O triste conto de Chewbacca
Cresci em meio a uma família que, intelectualmente mesquinha em demasiado, não sabe valorizar o esforço mental – para eles, apenas trabalho braçal e prestação de serviços qualificam-se como ocupações dignas, ergo a fonte constante de embates entre nós. “Deus nos livre de ter um escritor nesta família!”, todos bradaram em uníssono, e assim fui obrigado a desperdiçar um lustro inteiro de minha vida estudando para ser advogado, ocupação esta, a seu ver, mais nobre.

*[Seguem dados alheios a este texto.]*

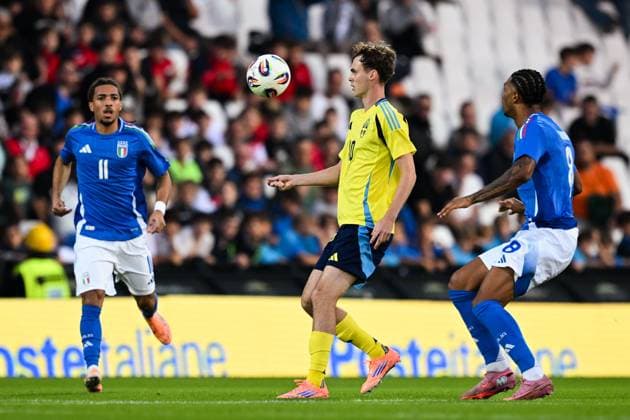 251010 Williot Swedberg of Sweden and Cher Ndour of Italy during the UEFA Under-21 qualifier football match between Italy and Sweden on October 10, 2025 in Cesena. Photo: Matteo Gribaudi BILDBYRAN kod XY XY0079 fotboll football soccer fotball U21, U 21 em em uefa under 21 championship European Championship, EM, Europameisterschaft italien italy italia sverige sweden bbeng Copyright: MatteoxGribaudi BB251010BB460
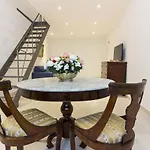 شقة فندقية Palazzo D'auria نابولي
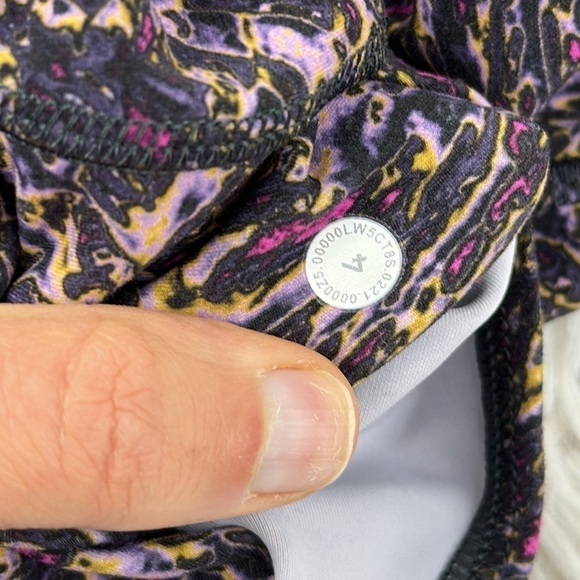 Lululemon Invigorate High-Rise Tight 25" Topography Multi - Picture 5 of 6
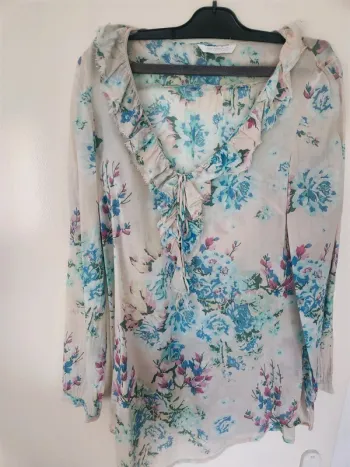 Jolie blouse fleurie Promod taille 40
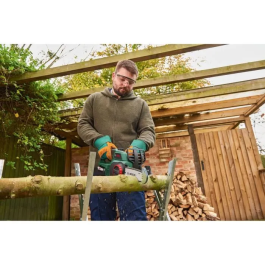 Bosch UniversalChain 18 Motosierra Inalámbrica - Herramienta Solo Sin Batería 18V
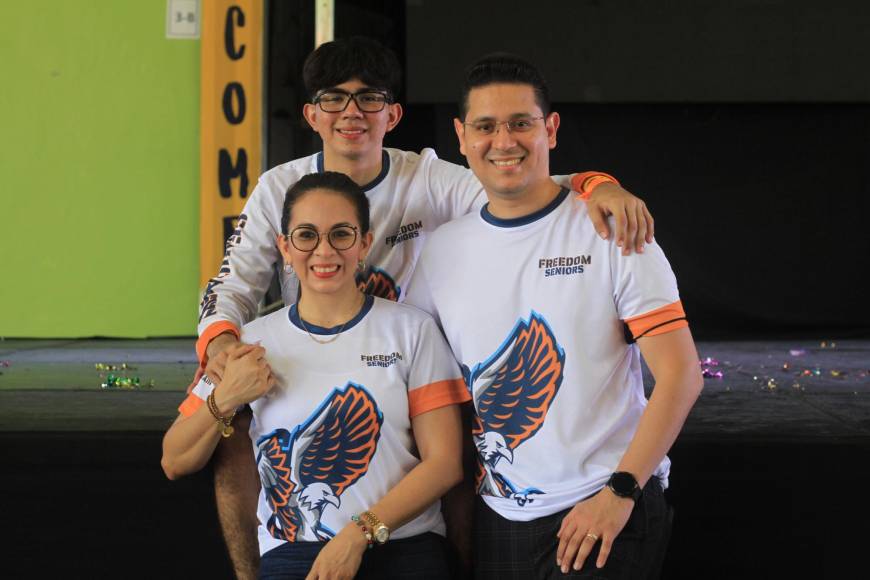 Melissa Acosta, Ary Acosta y Gustavo Matute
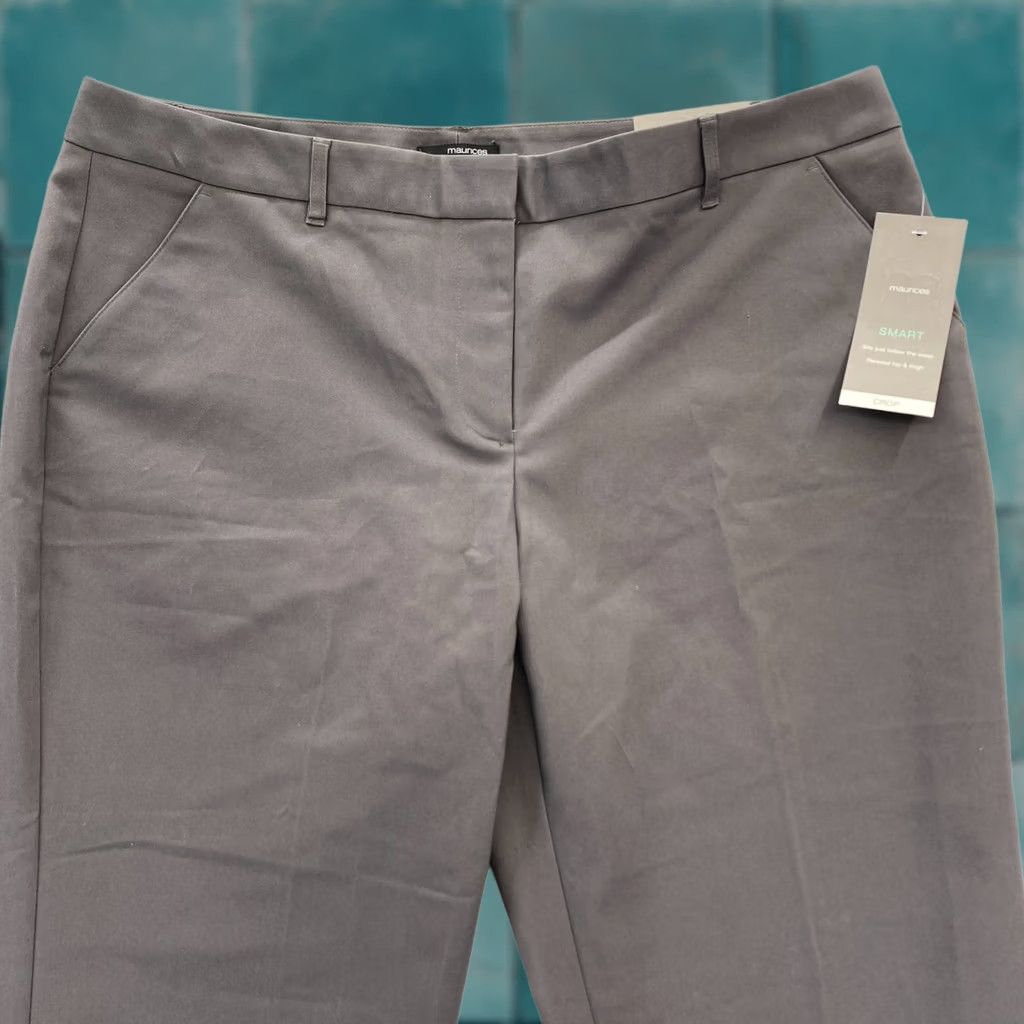 Vintage Maurices Smart Crop Womens 15/16 Gray Stretch Fabric Mid Rise Capri Casual NWT Size ONE SIZE - 1 Thumbnail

Sob coerção e chantagem emocional (duas coisas que sabem fazer muito bem) estudei Direito – ou, melhor dizendo, me arrastei por longos cinco anos por Direito, e saí da mesma forma que entrei: sem saber ou ter ganho coisa alguma. Tanto é que nunca me formei, pois em meus últimos anos, vendo que minha vida já fora desperdiçada de qualquer forma, mal frequentava as aulas, o que, somado às minhas péssimas notas, não permitiu que eu obtivesse o diploma. Já não tinha uma grande predileção pela classe dos legisladores – comecei a detestá-los ainda mais. Foi este o único fruto que colhi em meus cinco anos como aluno de Direito.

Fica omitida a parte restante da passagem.